Write out, word for word, every line in the data below from the one containing "Volvo XC60 PHEV" to the one containing "2480 Henrietta Pl, Ingleside, TX 78362", both of them included.

■ **DATASET RECORDS**:
****************************************

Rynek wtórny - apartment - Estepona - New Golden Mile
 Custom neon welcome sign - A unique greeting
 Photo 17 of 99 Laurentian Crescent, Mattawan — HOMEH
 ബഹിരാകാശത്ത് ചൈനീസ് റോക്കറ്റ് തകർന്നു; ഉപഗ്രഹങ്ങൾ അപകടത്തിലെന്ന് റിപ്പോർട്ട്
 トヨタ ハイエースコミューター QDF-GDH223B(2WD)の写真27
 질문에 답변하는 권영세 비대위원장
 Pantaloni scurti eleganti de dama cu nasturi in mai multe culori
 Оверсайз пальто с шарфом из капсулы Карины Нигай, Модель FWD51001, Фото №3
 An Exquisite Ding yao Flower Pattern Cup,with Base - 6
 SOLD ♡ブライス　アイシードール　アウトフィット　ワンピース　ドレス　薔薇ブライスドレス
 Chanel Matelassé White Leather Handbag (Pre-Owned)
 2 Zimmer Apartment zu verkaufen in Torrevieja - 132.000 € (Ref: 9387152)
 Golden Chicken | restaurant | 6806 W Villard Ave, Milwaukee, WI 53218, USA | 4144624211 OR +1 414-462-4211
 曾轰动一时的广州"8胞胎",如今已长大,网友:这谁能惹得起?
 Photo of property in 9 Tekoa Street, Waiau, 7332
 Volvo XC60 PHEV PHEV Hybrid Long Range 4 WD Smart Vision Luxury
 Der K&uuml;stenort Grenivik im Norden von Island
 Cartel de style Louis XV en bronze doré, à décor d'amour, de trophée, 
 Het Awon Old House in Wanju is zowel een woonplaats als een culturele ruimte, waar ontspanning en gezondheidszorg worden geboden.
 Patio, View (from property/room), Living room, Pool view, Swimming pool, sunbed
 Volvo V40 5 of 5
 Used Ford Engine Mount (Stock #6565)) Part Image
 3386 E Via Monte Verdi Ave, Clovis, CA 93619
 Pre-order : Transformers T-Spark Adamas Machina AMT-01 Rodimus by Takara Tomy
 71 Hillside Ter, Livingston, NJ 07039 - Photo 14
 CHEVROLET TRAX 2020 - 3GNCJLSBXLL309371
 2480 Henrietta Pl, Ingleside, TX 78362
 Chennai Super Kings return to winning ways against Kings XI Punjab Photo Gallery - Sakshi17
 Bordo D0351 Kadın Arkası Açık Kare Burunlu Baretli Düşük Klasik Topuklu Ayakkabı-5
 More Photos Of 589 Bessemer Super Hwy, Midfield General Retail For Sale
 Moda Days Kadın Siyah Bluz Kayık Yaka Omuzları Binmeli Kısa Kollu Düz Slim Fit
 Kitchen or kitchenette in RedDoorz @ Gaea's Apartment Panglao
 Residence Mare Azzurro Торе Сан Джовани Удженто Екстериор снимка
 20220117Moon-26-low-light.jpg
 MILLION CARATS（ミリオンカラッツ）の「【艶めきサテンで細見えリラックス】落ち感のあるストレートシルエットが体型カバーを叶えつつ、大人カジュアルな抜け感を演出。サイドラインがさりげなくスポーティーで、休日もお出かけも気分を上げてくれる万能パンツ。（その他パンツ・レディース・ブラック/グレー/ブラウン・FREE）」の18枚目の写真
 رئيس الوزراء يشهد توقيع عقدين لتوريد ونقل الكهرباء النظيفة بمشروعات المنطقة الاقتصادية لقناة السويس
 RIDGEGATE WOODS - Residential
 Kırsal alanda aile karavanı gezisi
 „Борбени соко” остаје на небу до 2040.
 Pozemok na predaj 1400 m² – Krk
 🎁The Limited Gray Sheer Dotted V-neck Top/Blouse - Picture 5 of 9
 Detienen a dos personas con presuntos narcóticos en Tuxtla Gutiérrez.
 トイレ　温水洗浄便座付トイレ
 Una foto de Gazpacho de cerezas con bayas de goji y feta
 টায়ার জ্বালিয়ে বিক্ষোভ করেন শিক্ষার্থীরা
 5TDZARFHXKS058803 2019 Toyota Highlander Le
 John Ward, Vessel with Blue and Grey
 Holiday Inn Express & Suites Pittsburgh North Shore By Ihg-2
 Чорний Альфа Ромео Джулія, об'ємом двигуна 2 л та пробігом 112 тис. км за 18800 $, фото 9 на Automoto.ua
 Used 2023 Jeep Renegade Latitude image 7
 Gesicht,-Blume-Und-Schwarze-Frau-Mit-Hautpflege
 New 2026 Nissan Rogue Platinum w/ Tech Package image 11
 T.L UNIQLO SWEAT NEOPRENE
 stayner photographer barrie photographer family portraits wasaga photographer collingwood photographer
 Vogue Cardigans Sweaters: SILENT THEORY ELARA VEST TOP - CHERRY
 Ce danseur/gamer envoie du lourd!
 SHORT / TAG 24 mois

****************************************

■ **RESULT**:
 Volvo XC60 PHEV PHEV Hybrid Long Range 4 WD Smart Vision Luxury
 Der K&uuml;stenort Grenivik im Norden von Island
 Cartel de style Louis XV en bronze doré, à décor d'amour, de trophée, 
 Het Awon Old House in Wanju is zowel een woonplaats als een culturele ruimte, waar ontspanning en gezondheidszorg worden geboden.
 Patio, View (from property/room), Living room, Pool view, Swimming pool, sunbed
 Volvo V40 5 of 5
 Used Ford Engine Mount (Stock #6565)) Part Image
 3386 E Via Monte Verdi Ave, Clovis, CA 93619
 Pre-order : Transformers T-Spark Adamas Machina AMT-01 Rodimus by Takara Tomy
 71 Hillside Ter, Livingston, NJ 07039 - Photo 14
 CHEVROLET TRAX 2020 - 3GNCJLSBXLL309371
 2480 Henrietta Pl, Ingleside, TX 78362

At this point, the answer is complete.